For a company with a sizeable market capitalisation of S$800 million, Keppel T&T is now trading at an eye-popping price to earnings (PE) ratio of just 3.3. For some context on how low that is, the SPDR STI ETF (SGX: ES3), an exchange-traded fund which tracks Singapore’s market barometer the Straits Times Index (SGX: ^STI), is valued at around 13 times earnings.

Yet, investors should not be overly excited about the company’s latest results.

Stagnant operating results

Let’s start with the reasons for the firm’s big profit jump first. In 2014, Keppel T&T earned S$245.5 million in “other income,” with the bulk of that income coming from the one-time sale of two data centres and the firm’s stakes in some of its subsidiaries and associated companies. According to the company’s announcement:

“Excluding the one-off gains, operating results for the full year would be 21% higher than last year due largely to sundry income and distributions from other investments during the year.”
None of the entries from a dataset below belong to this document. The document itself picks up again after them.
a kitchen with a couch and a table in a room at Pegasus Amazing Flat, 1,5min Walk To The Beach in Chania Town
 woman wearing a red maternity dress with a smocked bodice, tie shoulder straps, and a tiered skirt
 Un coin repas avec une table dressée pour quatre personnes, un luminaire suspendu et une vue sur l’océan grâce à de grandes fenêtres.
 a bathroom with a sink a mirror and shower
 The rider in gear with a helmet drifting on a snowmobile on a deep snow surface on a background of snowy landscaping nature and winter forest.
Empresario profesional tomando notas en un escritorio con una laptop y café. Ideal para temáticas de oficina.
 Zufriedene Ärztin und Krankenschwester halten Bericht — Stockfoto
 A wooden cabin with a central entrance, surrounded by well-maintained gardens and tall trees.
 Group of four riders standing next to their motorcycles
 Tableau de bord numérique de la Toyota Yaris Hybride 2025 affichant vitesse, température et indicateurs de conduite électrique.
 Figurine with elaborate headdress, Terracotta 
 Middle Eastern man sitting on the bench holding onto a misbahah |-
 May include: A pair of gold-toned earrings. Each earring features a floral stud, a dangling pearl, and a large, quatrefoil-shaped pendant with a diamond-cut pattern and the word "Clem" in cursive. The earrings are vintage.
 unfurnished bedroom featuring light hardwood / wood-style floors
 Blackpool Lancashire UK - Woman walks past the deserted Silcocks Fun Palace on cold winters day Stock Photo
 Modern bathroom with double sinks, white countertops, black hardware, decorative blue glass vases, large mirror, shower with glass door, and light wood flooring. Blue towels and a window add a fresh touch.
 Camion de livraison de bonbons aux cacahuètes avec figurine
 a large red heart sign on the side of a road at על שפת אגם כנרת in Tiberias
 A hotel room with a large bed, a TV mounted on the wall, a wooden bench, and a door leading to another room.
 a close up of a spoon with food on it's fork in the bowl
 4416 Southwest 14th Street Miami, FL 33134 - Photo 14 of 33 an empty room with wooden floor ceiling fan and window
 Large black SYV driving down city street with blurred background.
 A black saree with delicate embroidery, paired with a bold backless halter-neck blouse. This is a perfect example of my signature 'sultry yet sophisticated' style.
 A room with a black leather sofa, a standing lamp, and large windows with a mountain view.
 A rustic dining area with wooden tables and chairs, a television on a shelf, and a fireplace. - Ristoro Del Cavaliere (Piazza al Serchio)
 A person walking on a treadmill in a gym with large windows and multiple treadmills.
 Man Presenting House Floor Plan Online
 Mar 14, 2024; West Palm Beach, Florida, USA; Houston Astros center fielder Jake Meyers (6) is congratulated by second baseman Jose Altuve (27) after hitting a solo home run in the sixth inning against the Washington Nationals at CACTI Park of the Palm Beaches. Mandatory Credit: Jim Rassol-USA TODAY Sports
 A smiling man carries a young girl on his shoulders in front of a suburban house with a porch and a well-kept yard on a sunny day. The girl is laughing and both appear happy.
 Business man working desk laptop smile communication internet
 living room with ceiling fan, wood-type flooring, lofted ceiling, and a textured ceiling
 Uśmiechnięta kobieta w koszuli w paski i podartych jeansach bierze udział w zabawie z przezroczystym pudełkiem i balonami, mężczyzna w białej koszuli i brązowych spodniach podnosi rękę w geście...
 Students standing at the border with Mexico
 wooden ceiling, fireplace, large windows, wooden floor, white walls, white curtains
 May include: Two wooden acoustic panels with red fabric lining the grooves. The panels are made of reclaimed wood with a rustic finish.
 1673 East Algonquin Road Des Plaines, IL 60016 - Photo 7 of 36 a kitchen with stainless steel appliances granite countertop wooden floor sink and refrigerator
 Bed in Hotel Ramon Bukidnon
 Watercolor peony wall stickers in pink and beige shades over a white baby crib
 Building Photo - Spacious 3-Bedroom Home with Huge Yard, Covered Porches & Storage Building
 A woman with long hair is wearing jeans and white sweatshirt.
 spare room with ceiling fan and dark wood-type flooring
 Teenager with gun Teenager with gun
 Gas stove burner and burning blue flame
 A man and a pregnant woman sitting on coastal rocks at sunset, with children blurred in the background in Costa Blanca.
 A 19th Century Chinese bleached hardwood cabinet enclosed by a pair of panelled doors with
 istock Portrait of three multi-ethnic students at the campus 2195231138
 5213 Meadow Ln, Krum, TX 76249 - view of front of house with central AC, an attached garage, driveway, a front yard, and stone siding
Although Keppel T&T’s operating profit seemed to have still grown by a respectable 21% even after backing off all the one-time gains from the divestments, there was no elaboration from the company on how sustainable the sundry income and distributions from other investments are like going into the future.

If we adopt a more conservative mindset and exclude “other income” entirely, Keppel T&T would have recorded an operating profit of S$83.1 million for 2014, which is basically unchanged from where it was in 2013.

Other sources of worry

Now, let’s move on to other pressing concerns other than the flat operating profit.

The company had recently spun-off its data centre businesses into Keppel DC REIT (SGX: AJBU) (that’s the reason for Keppel T&T’s sale of the data centres and its stakes in the subsidiaries and associated companies). Now, Keppel T&T owns a 30% stake in the REIT and is also the REIT’s manager.

The REIT will continue to be “a platform for the company to develop and grow its pipeline of data centre assets.” What this means is that Keppel T&T would be developing or acquiring data centre assets in the hope of selling them to Keppel DC REIT at a later date.

Therefore, the company’s data centre business would become a construction-like business, with no recurring or stable earnings stream except for management fees and distributions from Keppel DC REIT.

So, Keppel T&T’s logistics business will be its main operating business in the future and it would make sense for investors to focus more on that.

Unfortunately, the logistics segment is a problematic area. For 2014, Keppel T&T saw revenue from the logistics segment grow by 30.7% to S$148.7 million. But, net profit from the segment actually shrank by 38.7% to S$9.85 million mainly as a result of impairment losses and lower profit from associated companies. This is not a good sign.

What does the future hold

In my view, Keppel T&T is now essentially an investment holding company. Here’s why.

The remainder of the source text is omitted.